To address this research gap, this thesis aims to develop computational methods for analysing spatial genomics data, specifically on data generated by base-specific in situ sequencing (BaSISS), a method that enables high-resolution mapping of diverse somatic mutations across large tumour tissue sections. Bayesian algorithms designed in the study generate quantitative clonal maps, effectively tracing cancer evolution in tissue space while accommodating multiple forms of biological and technical variability. Despite inherent assumptions, the algorithm demonstrates robustness and quantitative accuracy.

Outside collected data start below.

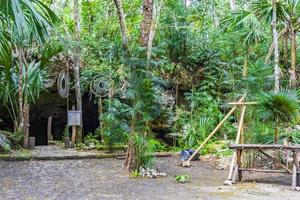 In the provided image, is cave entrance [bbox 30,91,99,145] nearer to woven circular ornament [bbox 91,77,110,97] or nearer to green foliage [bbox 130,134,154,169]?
woven circular ornament [bbox 91,77,110,97]

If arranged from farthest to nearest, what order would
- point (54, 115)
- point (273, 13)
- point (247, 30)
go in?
point (54, 115), point (247, 30), point (273, 13)

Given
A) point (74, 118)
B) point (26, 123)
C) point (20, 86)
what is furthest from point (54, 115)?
point (20, 86)

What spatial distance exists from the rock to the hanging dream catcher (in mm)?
2242

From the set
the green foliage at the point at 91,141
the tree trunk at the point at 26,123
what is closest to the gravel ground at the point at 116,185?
the tree trunk at the point at 26,123

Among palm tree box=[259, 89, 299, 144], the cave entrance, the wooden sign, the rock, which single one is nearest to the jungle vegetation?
palm tree box=[259, 89, 299, 144]

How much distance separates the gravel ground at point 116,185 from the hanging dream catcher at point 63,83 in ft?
12.0

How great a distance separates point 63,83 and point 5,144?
9.60 feet

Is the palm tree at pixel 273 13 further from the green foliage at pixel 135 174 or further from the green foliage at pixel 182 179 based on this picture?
the green foliage at pixel 135 174

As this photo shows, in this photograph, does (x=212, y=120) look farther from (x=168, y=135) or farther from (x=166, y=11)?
(x=166, y=11)

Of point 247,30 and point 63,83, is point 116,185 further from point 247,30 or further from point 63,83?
point 63,83

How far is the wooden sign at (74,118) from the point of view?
416 inches

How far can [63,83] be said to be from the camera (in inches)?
452

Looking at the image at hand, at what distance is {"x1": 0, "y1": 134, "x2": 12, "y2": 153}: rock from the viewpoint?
894 centimetres

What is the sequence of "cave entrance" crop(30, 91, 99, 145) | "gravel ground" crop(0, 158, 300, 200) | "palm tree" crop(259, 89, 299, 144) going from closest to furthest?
1. "gravel ground" crop(0, 158, 300, 200)
2. "palm tree" crop(259, 89, 299, 144)
3. "cave entrance" crop(30, 91, 99, 145) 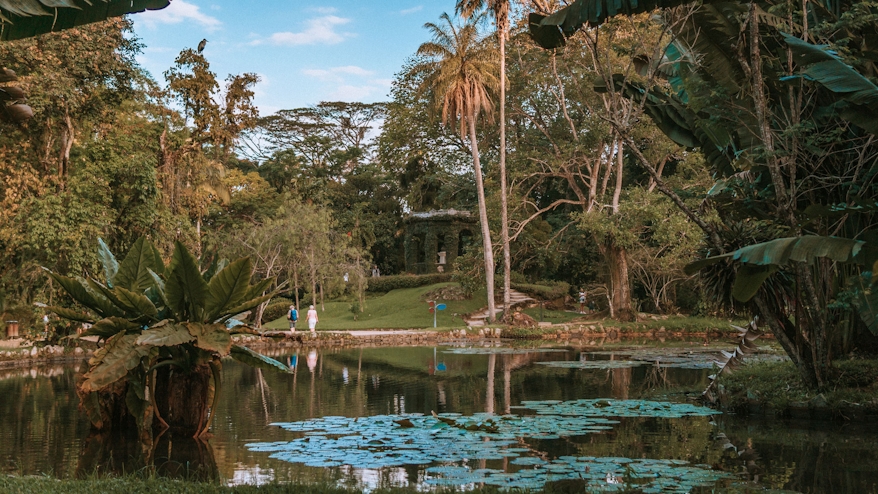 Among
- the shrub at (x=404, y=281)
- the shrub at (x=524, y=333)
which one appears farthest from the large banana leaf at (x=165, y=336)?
the shrub at (x=404, y=281)

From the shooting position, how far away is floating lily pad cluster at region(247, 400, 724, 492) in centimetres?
690

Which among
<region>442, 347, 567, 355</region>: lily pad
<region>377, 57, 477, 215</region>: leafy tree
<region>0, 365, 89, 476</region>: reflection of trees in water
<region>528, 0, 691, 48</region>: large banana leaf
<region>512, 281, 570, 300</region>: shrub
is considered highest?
<region>377, 57, 477, 215</region>: leafy tree

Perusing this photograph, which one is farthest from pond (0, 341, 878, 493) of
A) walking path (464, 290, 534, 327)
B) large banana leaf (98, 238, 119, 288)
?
walking path (464, 290, 534, 327)

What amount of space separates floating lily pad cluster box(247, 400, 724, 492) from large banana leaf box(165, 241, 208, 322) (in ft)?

Complementary data types contribute to the findings by applying the Bayesian model to two multifocal breast cancers at different stages of progression. Integration of histology, immunohistochemistry (IHC), and targeted in situ gene expression allows for the phenotypic characterisation of clones in distinct microanatomical niches. Subsequent analyses across various stages of breast cancer, including carcinoma in situ, invasive cancer, and lymph node metastasis reveal clone-specific variations in proliferation, morphology, stroma, hypoxia, and immune microenvironments. In one instance involving ductal carcinoma in situ, polyclonal neoplastic expansions manifest on a macroscopic scale but remain segregated within microanatomical structures.

In summary, this thesis establishes a robust computational framework for extracting clonal architecture from spatial genomics data. It provides a proof-of-concept that such maps, when integrated with tissue morphology and spatial phenotype data, can offer vital insights into the mechanisms driving both cancer evolution and tissue ecology.